Misc //

How to be a good ally

An ally guide written by the Queer Honi team.

To a queer person

1. Tell them that you love and support them. (Not “despite” their queer identity. Just that you love them for who they are.)

2. Don’t out them to other people unless they ask you to. (This includes: your family, friends, workplace.) You might not have a problem, but this world isn’t totally safe for queer people. Don’t be surprised if they’re comfortable being out with their friends, but not at university, or with their family, but not at work.

3. Call out other straight people when they do something fucked up. If someone says “that’s so gay”, tell them, “You shouldn’t say that. It’s hurtful.” Use your privilege for good, but don’t speak over queer people.

4. Don’t shout your straightness to the high heavens while defending queer people. “I’m not gay, but I support them!” “I’m in favour of marriage equality – but I’m not gay!” By doing so you’re implying
the queerness is something distasteful that you need to distance
yourself from.

5. You’re going to fuck up. Accept that. Because you’re straight, you (unintentionally) benefit from a bunch of systemic oppression, and there’ll be moments when you say something hurtful and don’t realise it. Be graceful. Respect that queer people are the best and only authority on what is hurtful to queer people.

6. Learn to apologise. “I’m sorry” is enough. Not “I’m sorry you were offended”, or “That’s not what I meant, but I’m sorry.”

7. Queer people are not here to educate you.

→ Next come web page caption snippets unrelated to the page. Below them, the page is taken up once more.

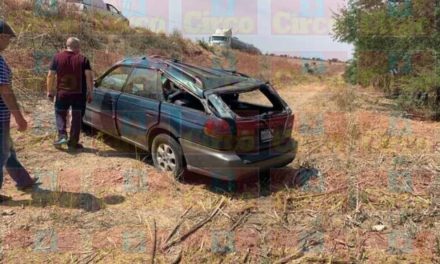 ¡Automovilista se volcó por esquivar unos baches en la carretera en Encarnación de Díaz!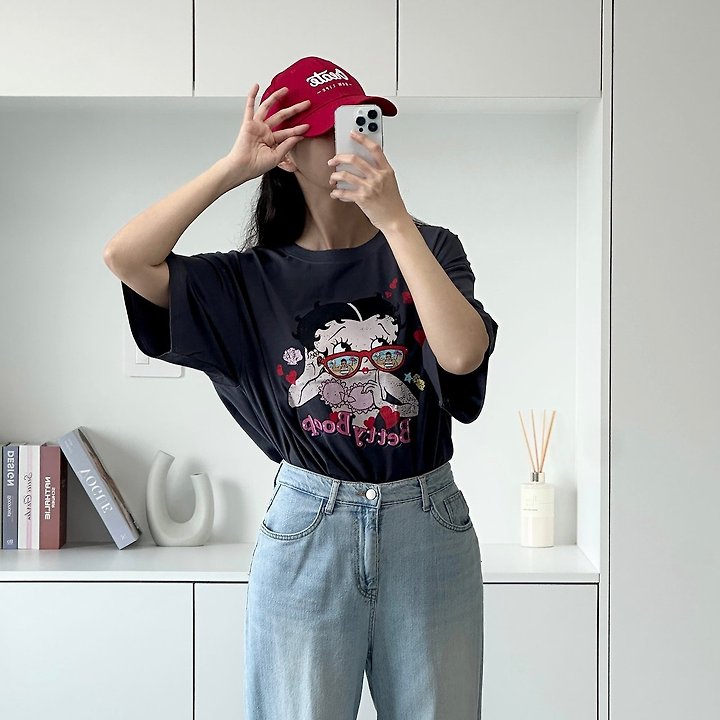 Little Rabbit - Korean Women Fashion - #momslook - Glasses Betty Box Tee - 7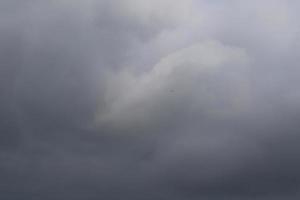 clima tormentoso y nubes oscuras foto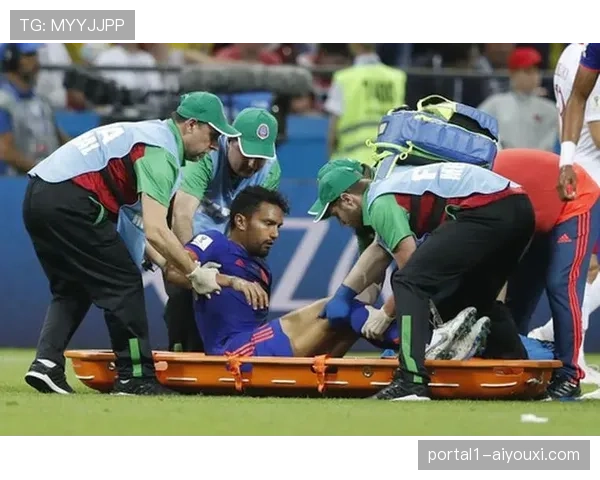 朗斯右后卫阿吉拉尔伤缺 边路防守覆盖面积减少致体系失衡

If there are things you
don’t know, or are curious about – google it!

8. Don’t assume that everyone is straight until proven otherwise. There are probably queer people in your life that you don’t even know about.

9. Being an ally to queer people is the bare minimum of human decency – not something that you get rewards or cookies for. Don’t make it about you. The A in LGBTIAQ is not for Ally.

10. Above all, ASK! Ask how you can help and support them. Everyone has different needs.

To a trans person

1. Tell them that you love and support them. (You haven’t lost a friend or a child, and you don’t need to mourn that loss. The person you have in front of you is more important than the imaginary cis version of that person.)

2. Use their preferred name and pronouns. If you don’t know, ask. It’s okay if this is awkward. If you’re meeting a new person, say something like “Hi, my name is Queery McQueerson, and I use she/her pronouns. How about you?” If you already know this person, just tuck it into conversation – preferably tactfully and not in public. (“Hey, what are your preferred pronouns?”)

3. Use their pronouns even if they sound weird to you – for example, singular they, zie/hir, or xe/xir. It’s weirder/harder for them than it is
for you.

4. If you misname or misgender them, apologise. But don’t make a huge deal of it – that puts them in the position of having to reassure you right after you did something to hurt them.

5. Don’t ask intrusive questions about their genitals or their ‘status’. For example, don’t ask “So, have you had THE SURGERY?”, “Why do you have/don’t you have breasts/a dick/a vagina?”, and “What does your junk looks like?” But don’t make their body a taboo subject, either – let them speak about it if they want to.

6. Ask your friend what their preferences are in situations where you’re not sure if they’re out or not. Don’t misgender them unless they ask you to. Another option is just to avoid using their name or pronouns.

7. Brush up on your language. Nuance is important. It’s “transgender”, not “transgendered” or “trans-gender” (it’s an adjective, not a verb), and the asterisk in trans* has some uncomfortable history.

8. Understand that there is no one way of being trans. Your friend might get surgery, or not. They might use breast forms or binders or packers – or not. None of these things invalidate their gender.

9. Don’t assume gender when you meet someone new. Really. Even if they ‘look’ cis. You don’t have laser vision or telepathy. The best way to get around this is to always introduce yourself using your pronouns, and ask new people for their pronouns too. That’s all you need to know (unless they want to share more).

10. Above all, ASK! Ask how you can help and support them. Everyone has different needs.